WORK ITEM: All lines below starting at the one that holds "Glyfada Riviera Hotel主图" and ending at the one that holds "#王俊凯# #TFBOYS王俊凯# #TFBOYS#" should be printed exactly, ends included. Pictures should not be printed, nor anything else.

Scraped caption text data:
+---+

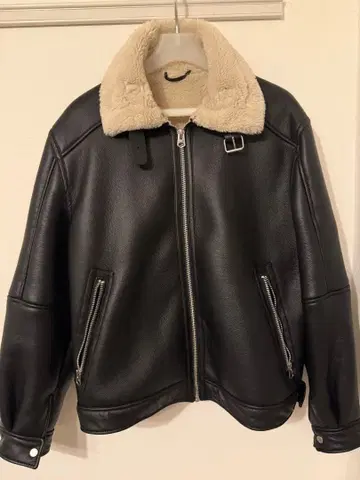 ZARA 가죽 보아 자켓 미사용 새상품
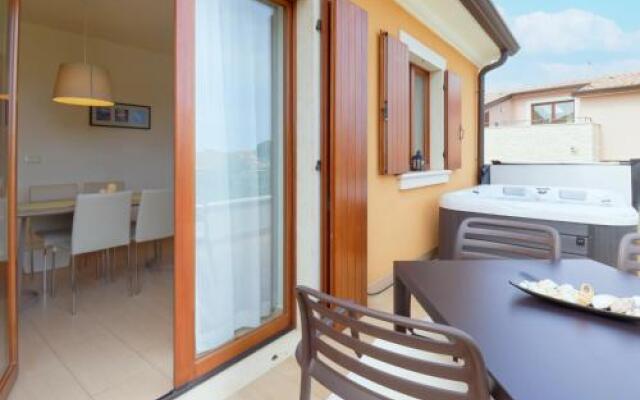 Apartment Enrico - Two Bedroom Apartment with Balcony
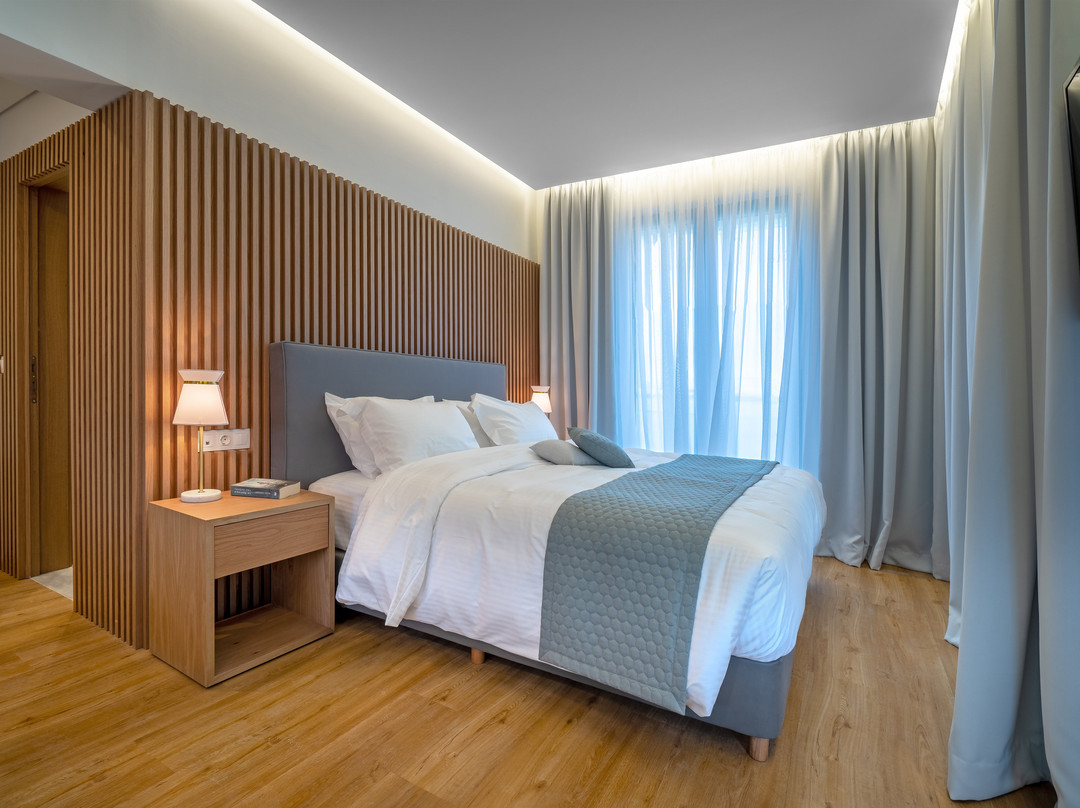 Glyfada Riviera Hotel主图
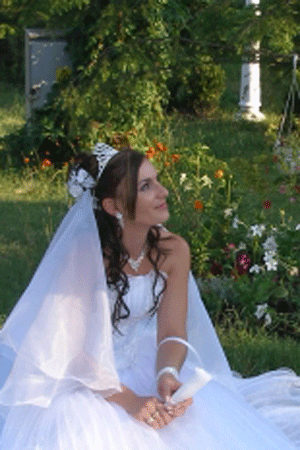 Mada_lina22 a ales o coafurafoarte eleganta si feminina ce se asorteaza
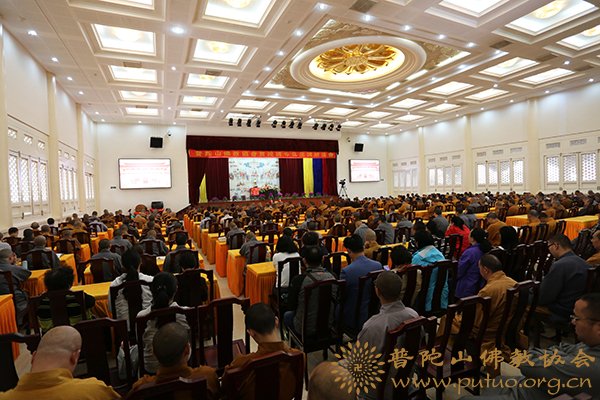 佛教-戒修法师应邀于宝陀讲寺作《简明修行力用》佛学专题讲座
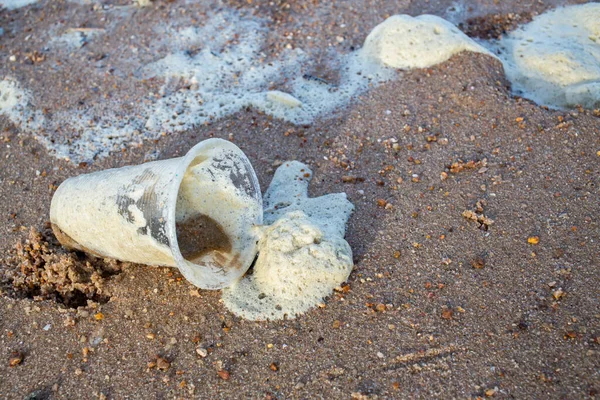 Используемое Пластиковое Стекло Грязном Море Пены Взбивания Крема Океана Подержанное — стоковое фото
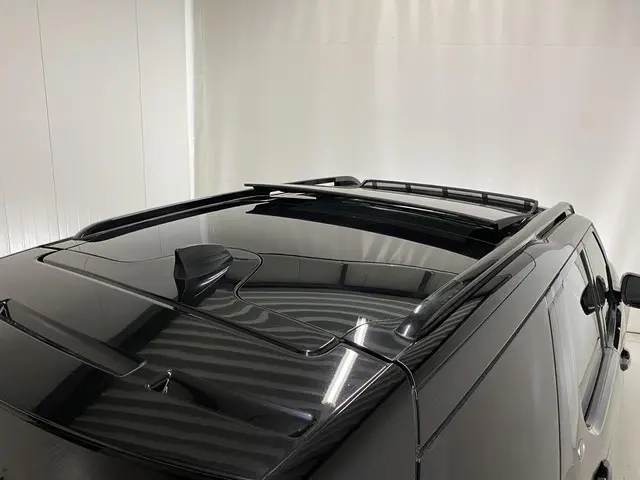 Land Rover Discovery 3.0 Td6 HSE VAN 2018 Diesel 44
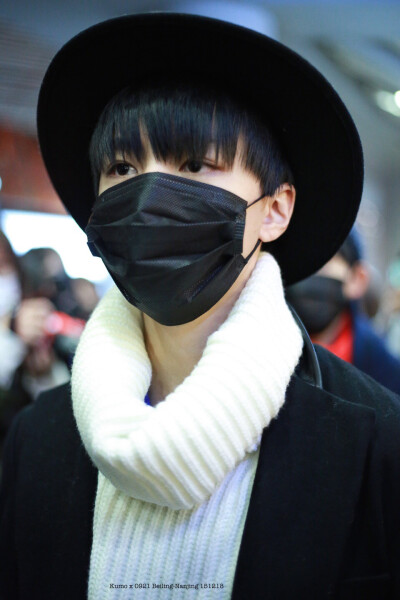 #王俊凯# #TFBOYS王俊凯# #TFBOYS# 151218 北京首都机场－南京禄口机场 cr：KumoDesu_0921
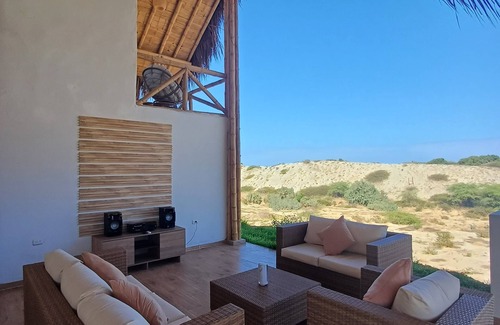 Los Organos House | Casa Yemaya, Vichayito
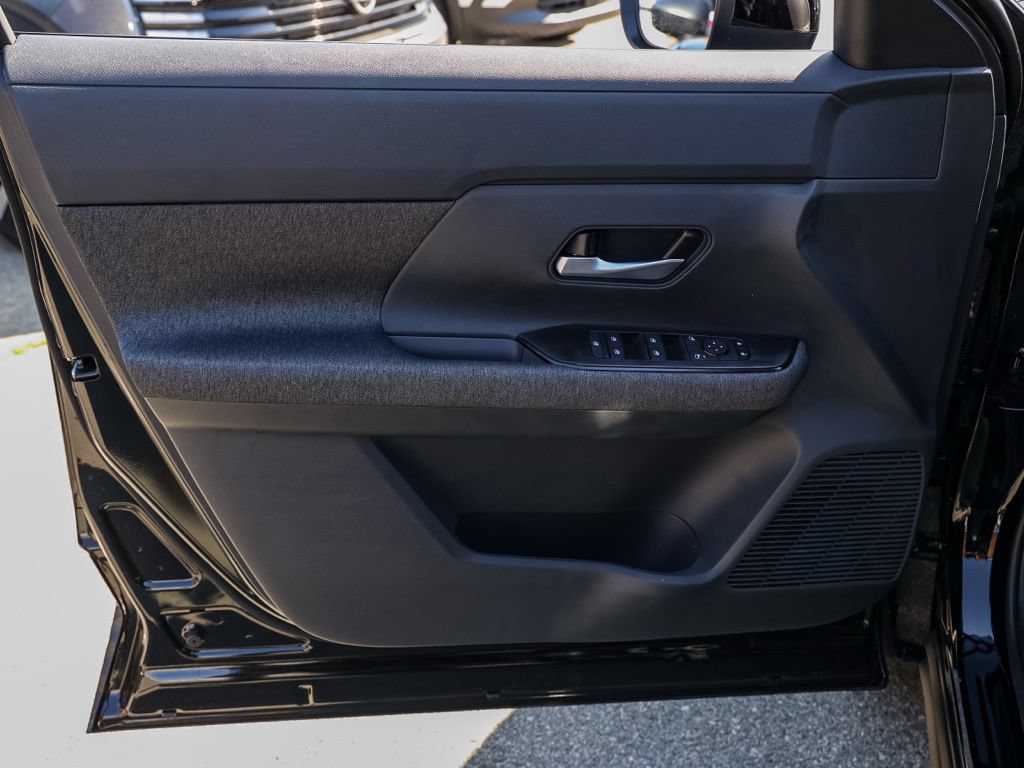 New 2026 Nissan Kicks SV w/ Cold Weather Package FWD image 23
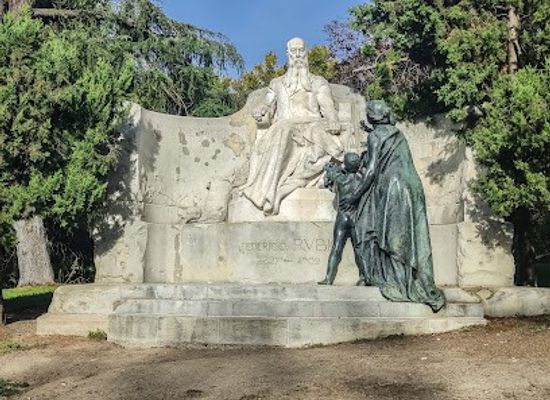 spain/madrid/landmark/monument-to-federico-rubio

+---+

WRITTEN ANSWER:
 Glyfada Riviera Hotel主图
 Mada_lina22 a ales o coafurafoarte eleganta si feminina ce se asorteaza
 佛教-戒修法师应邀于宝陀讲寺作《简明修行力用》佛学专题讲座
 Используемое Пластиковое Стекло Грязном Море Пены Взбивания Крема Океана Подержанное — стоковое фото
 Land Rover Discovery 3.0 Td6 HSE VAN 2018 Diesel 44
 #王俊凯# #TFBOYS王俊凯# #TFBOYS# 151218 北京首都机场－南京禄口机场 cr：KumoDesu_0921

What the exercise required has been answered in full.